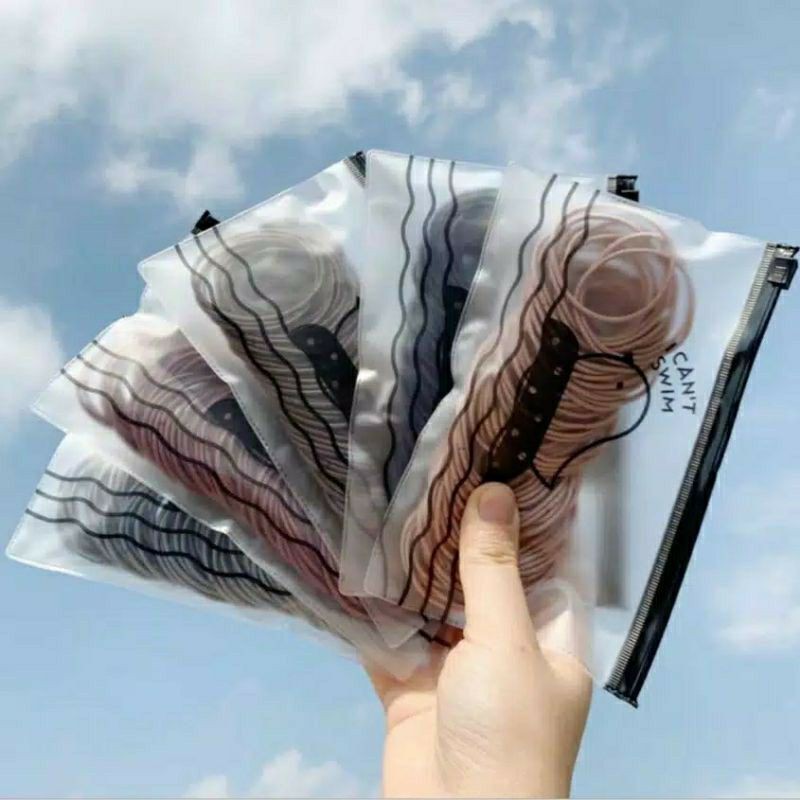 100PCS KARET RAMBUT KOREA/KUNCIR RAMBUT KOREA/KARET GELANG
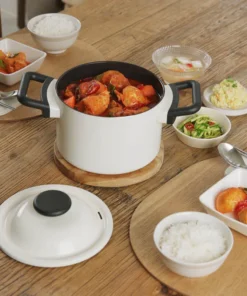 Alternative view of Nồi Decore LocknLock 18CM - Màu Ivory - LDE1182IH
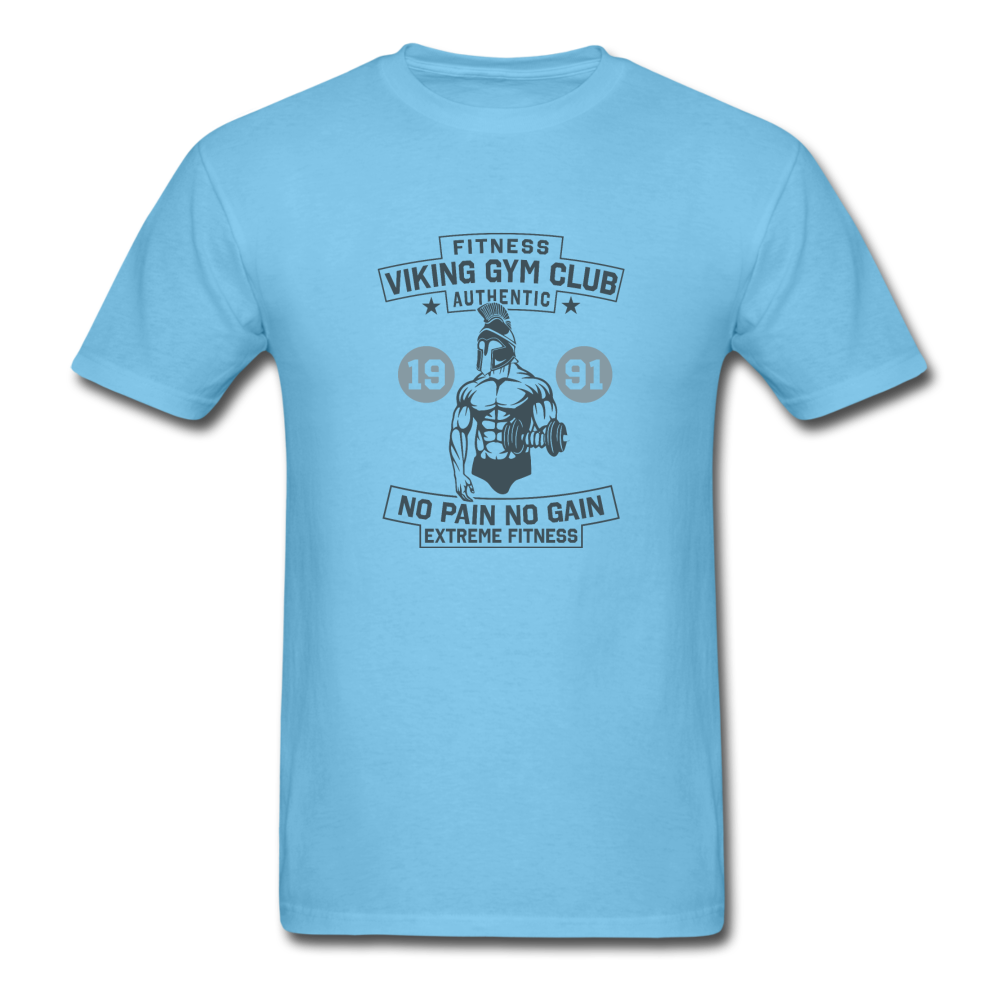 Unisex Classic Viking Fitness Club T-Shirt - aquatic blue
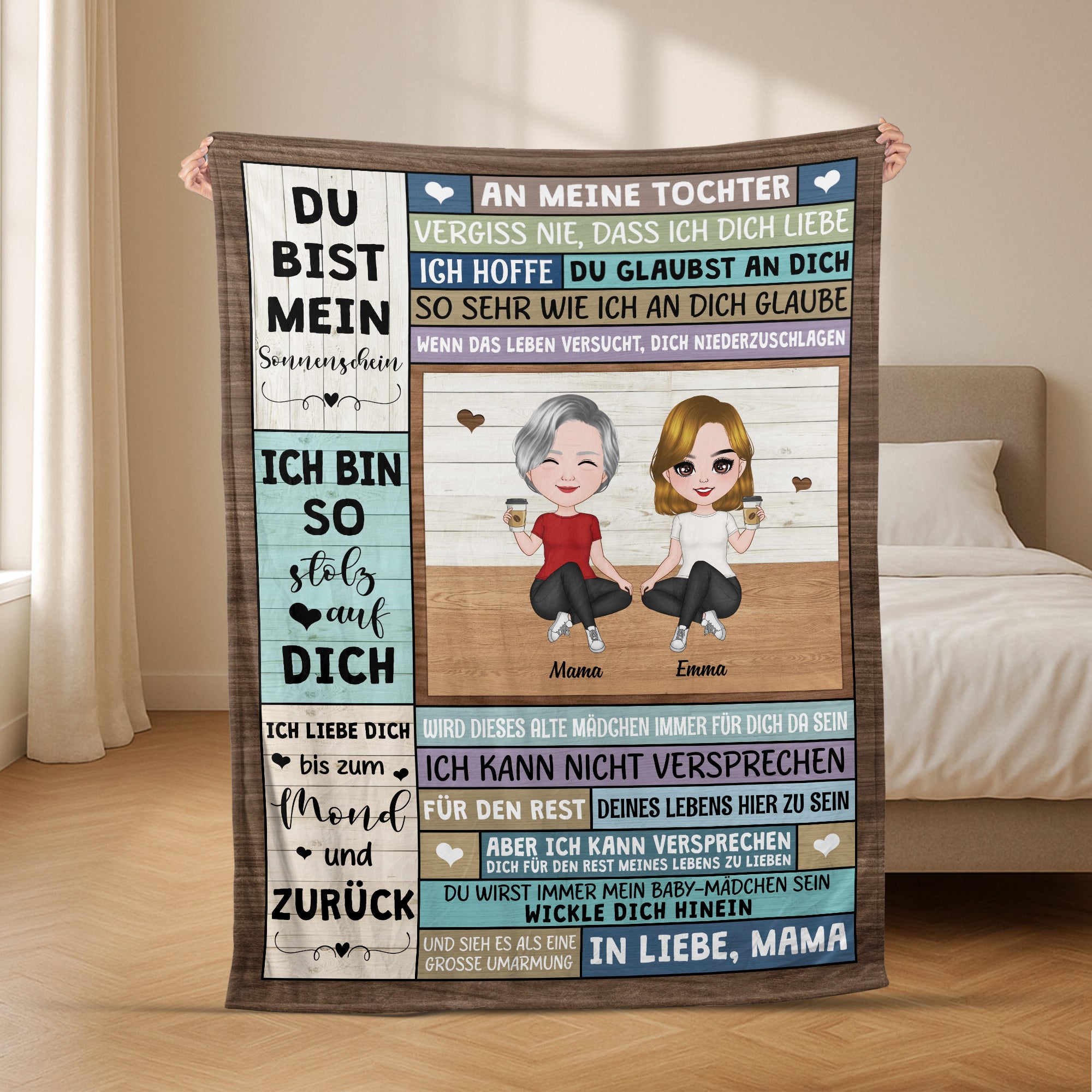 5058BGE2 an meine enkelin kuscheldecke personalisiert_ oma enkelin 5058B6YNA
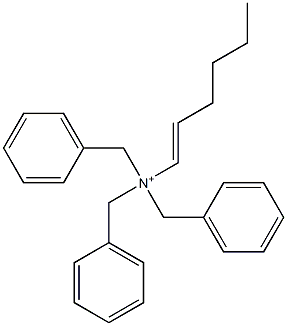 (1-Hexenyl)tribenzylaminium|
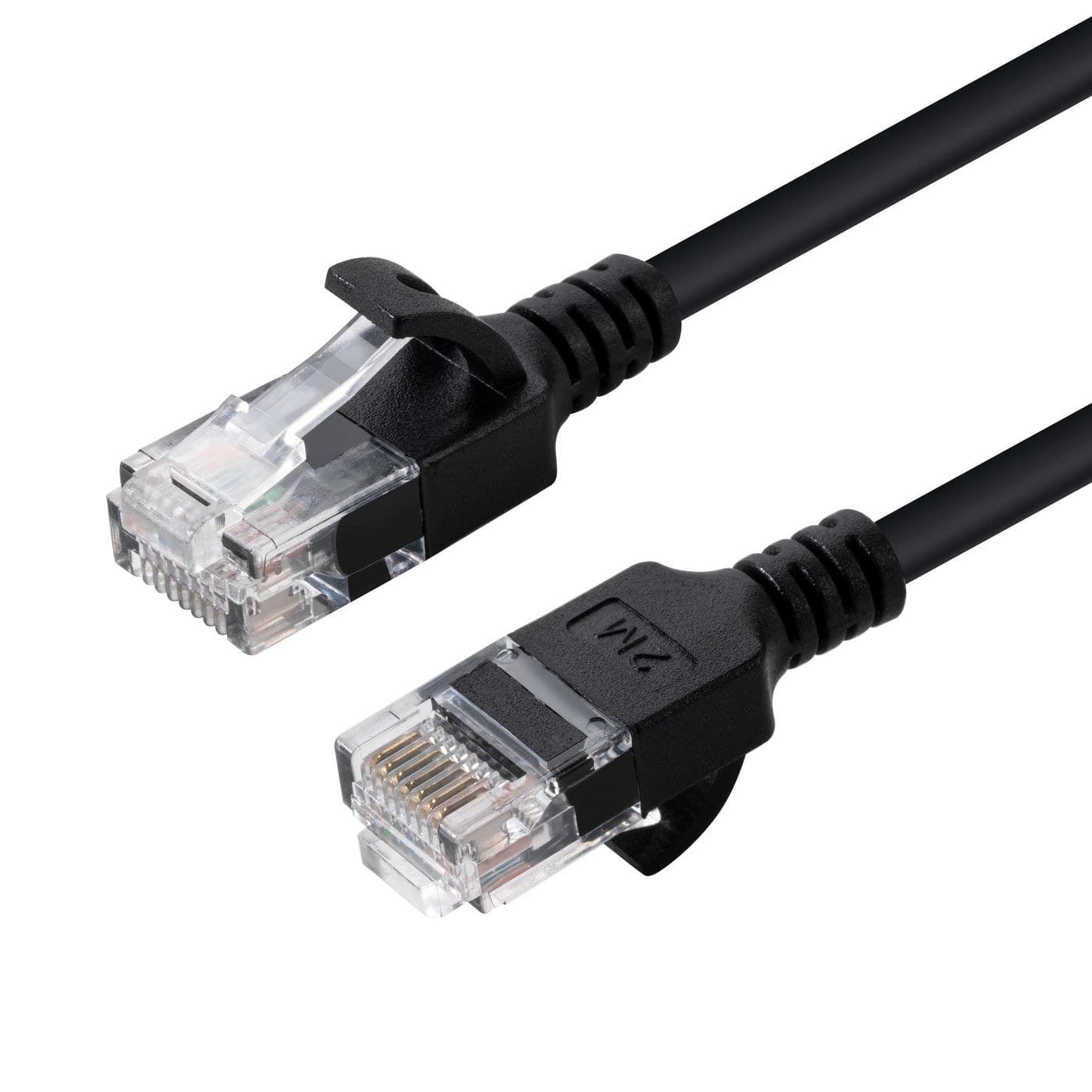 Microconnect U/UTP CAT6A Slim LSZH Network Cable 2m - Black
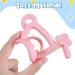 Sratte 3 Pack Silicone Baby Teething Toys for Babies 0-6 Months - Anti-Drop Hand Teether Set for Sucking Needs - Less Dust Baby Chew Toy - Perfect Baby Gift - Buy Online on SooperMarket.com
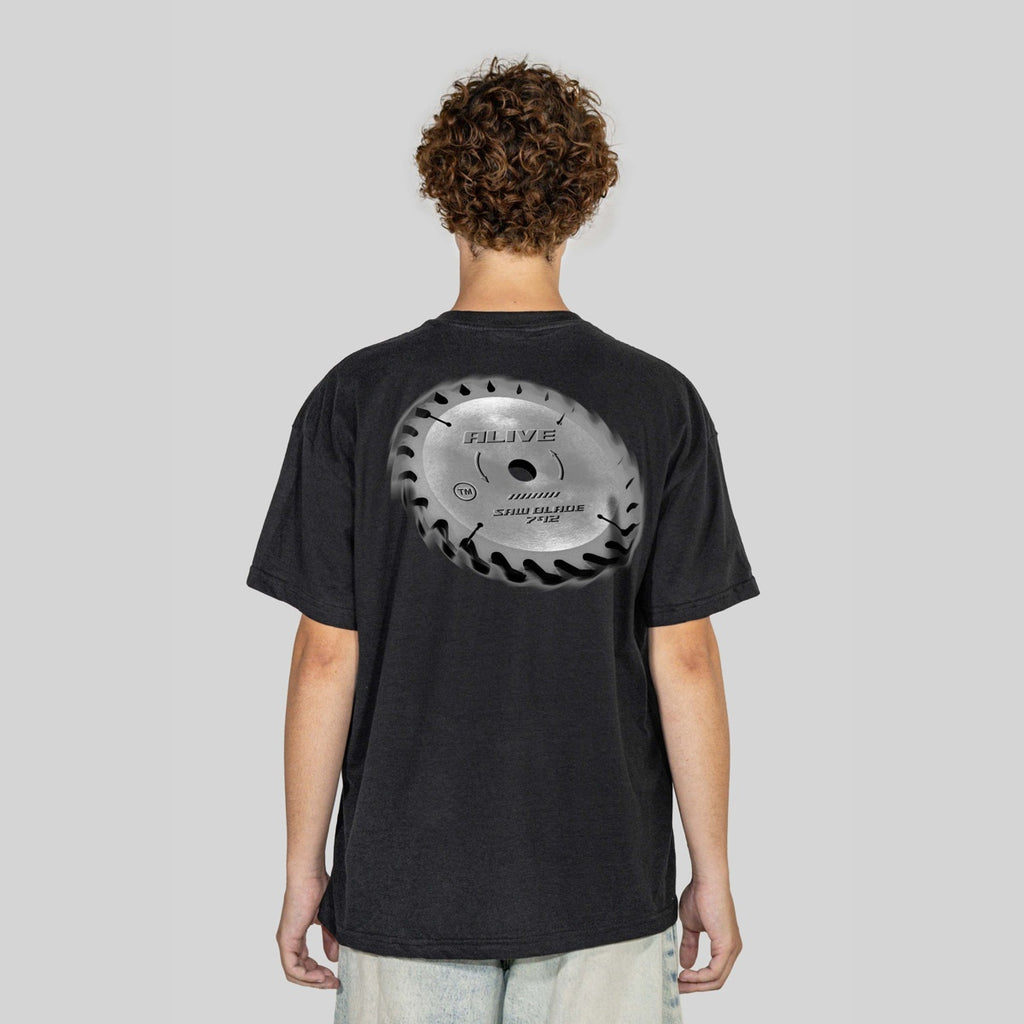 Camiseta Alive Clássica Disc Preto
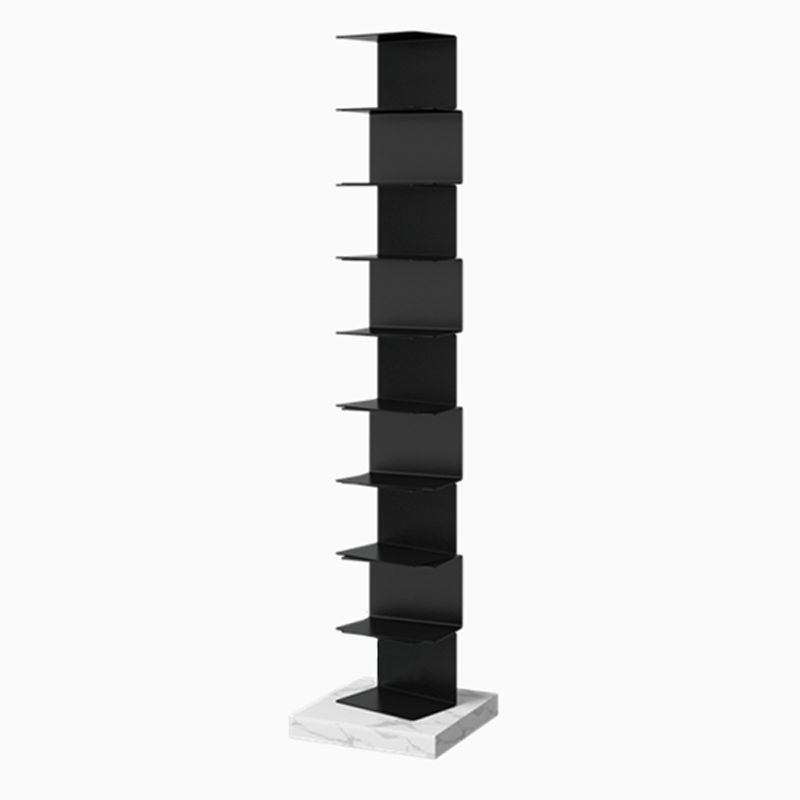 Geometric Metal Storage Bookcase Modern Home Office Bookshelf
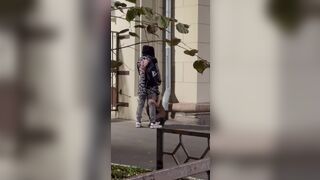 Today in public friday a naughty blowjob in a very public place.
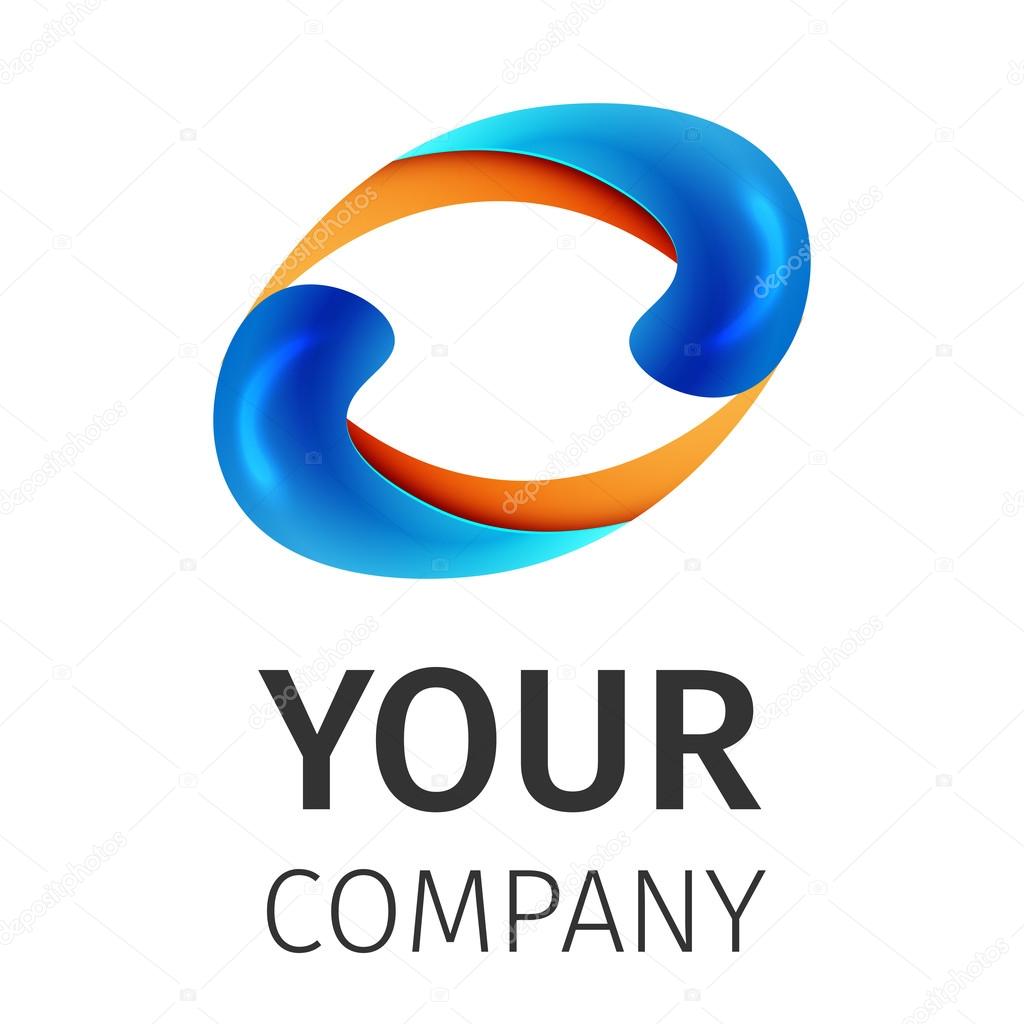 Business Abstract oval icon, excellent vector illustration, EPS 10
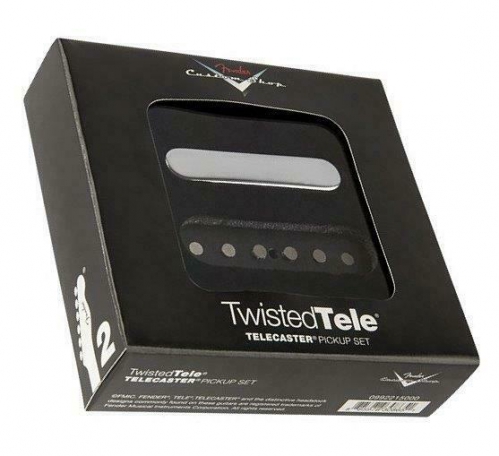 Fender Twisted Tele Pickups, Black/Chrome (2)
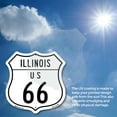 thumbnail image 5 of Illinois Route Marker Shield Sign Us 66 (5 Pack) 6 inch X 6 inch Shield Shaped Heavy Duty 3.2 mil Vinyl Decals Weather Resistant, UV Protected for Workplace Made in the USA, 5 of 6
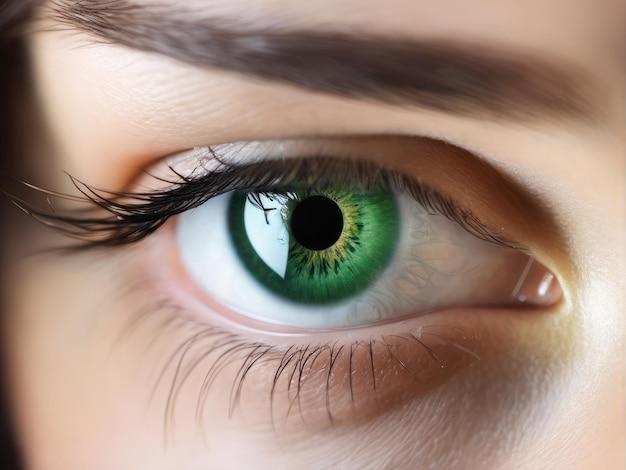 How rare are emerald green eyes 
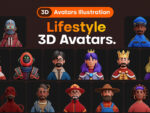 Lifestyle 3D Avatars Illustration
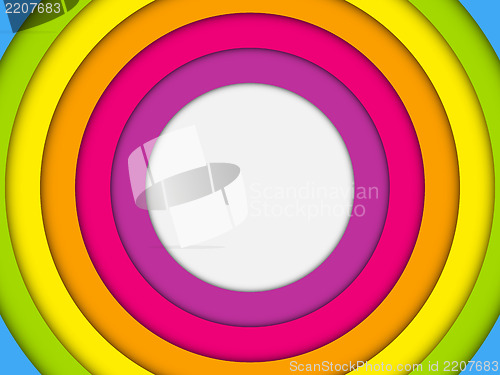 Image of Colorful Frame with Circles Rainbow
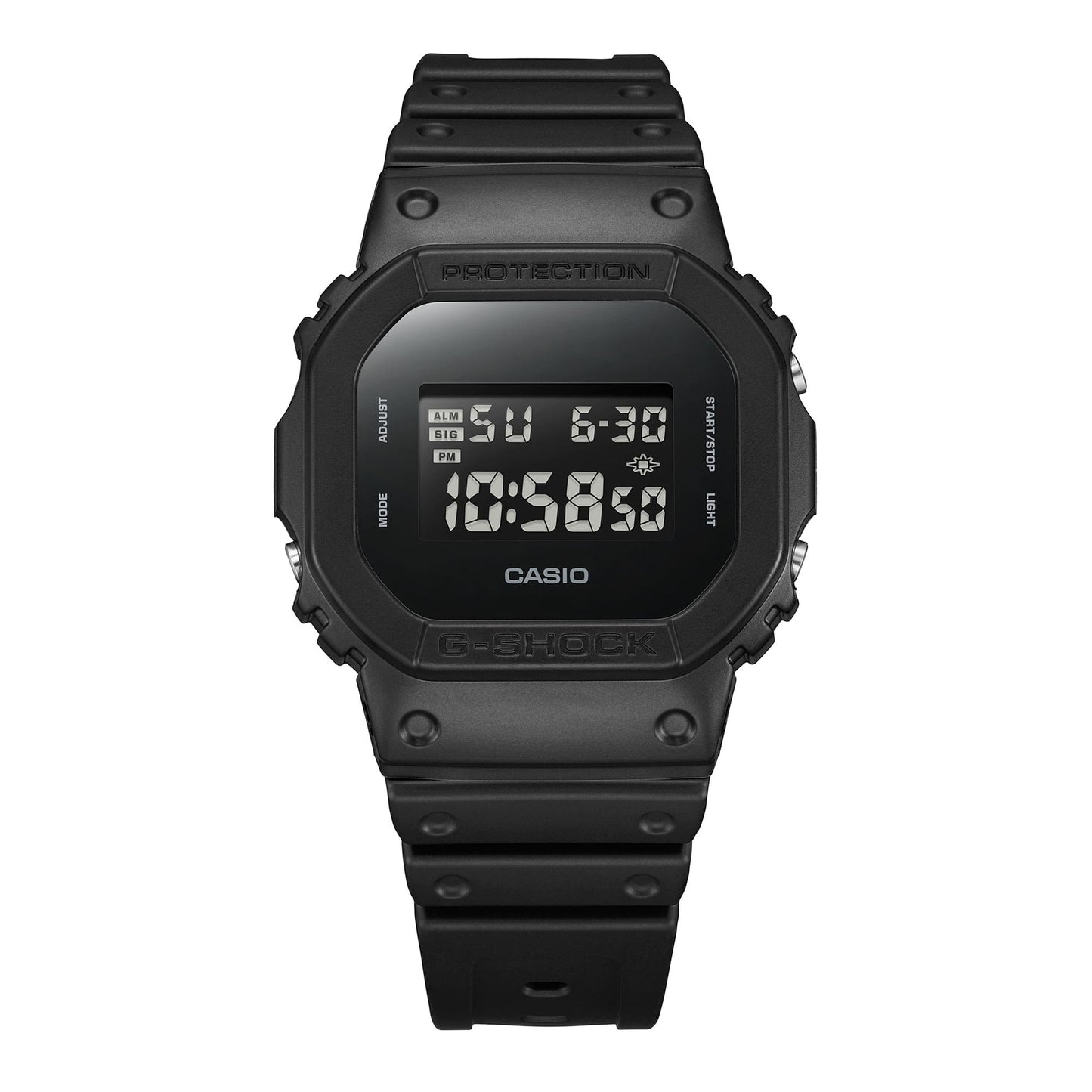 Casio G-Shock Herrenarmbanduhr schwarz, Display nach vorn, breites Schutzgehäuse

****************************************

== WORK TO COMPLETE ==
Exactly as written, repeat the lines from the beginning of the entries up to and including the line with "Sratte 3 Pack", but not the pictures.

== ANSWER TO THE EXERCISE ==
 100PCS KARET RAMBUT KOREA/KUNCIR RAMBUT KOREA/KARET GELANG
 Alternative view of Nồi Decore LocknLock 18CM - Màu Ivory - LDE1182IH
 Unisex Classic Viking Fitness Club T-Shirt - aquatic blue
 5058BGE2 an meine enkelin kuscheldecke personalisiert_ oma enkelin 5058B6YNA
 (1-Hexenyl)tribenzylaminium|
 Microconnect U/UTP CAT6A Slim LSZH Network Cable 2m - Black
 Sratte 3 Pack Silicone Baby Teething Toys for Babies 0-6 Months - Anti-Drop Hand Teether Set for Sucking Needs - Less Dust Baby Chew Toy - Perfect Baby Gift - Buy Online on SooperMarket.com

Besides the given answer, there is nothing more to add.